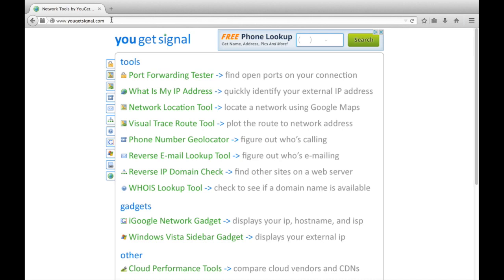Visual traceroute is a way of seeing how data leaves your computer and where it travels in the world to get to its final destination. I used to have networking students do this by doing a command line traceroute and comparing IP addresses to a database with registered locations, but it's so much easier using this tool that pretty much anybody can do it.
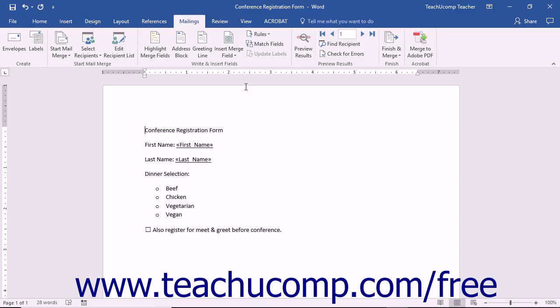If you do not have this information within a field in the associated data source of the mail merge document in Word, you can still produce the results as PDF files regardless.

---

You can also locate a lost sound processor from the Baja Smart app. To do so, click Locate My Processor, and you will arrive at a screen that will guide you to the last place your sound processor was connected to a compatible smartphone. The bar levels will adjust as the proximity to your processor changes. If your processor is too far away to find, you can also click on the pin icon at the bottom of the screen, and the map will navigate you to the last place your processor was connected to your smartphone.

» Problem description
Please output the lines above beginning at the line with "Visual traceroute is" and ending after the line with "If you do not", precisely as written and with no pictures.

» Task answer
Visual traceroute is a way of seeing how data leaves your computer and where it travels in the world to get to its final destination. I used to have networking students do this by doing a command line traceroute and comparing IP addresses to a database with registered locations, but it's so much easier using this tool that pretty much anybody can do it.
If you do not have this information within a field in the associated data source of the mail merge document in Word, you can still produce the results as PDF files regardless.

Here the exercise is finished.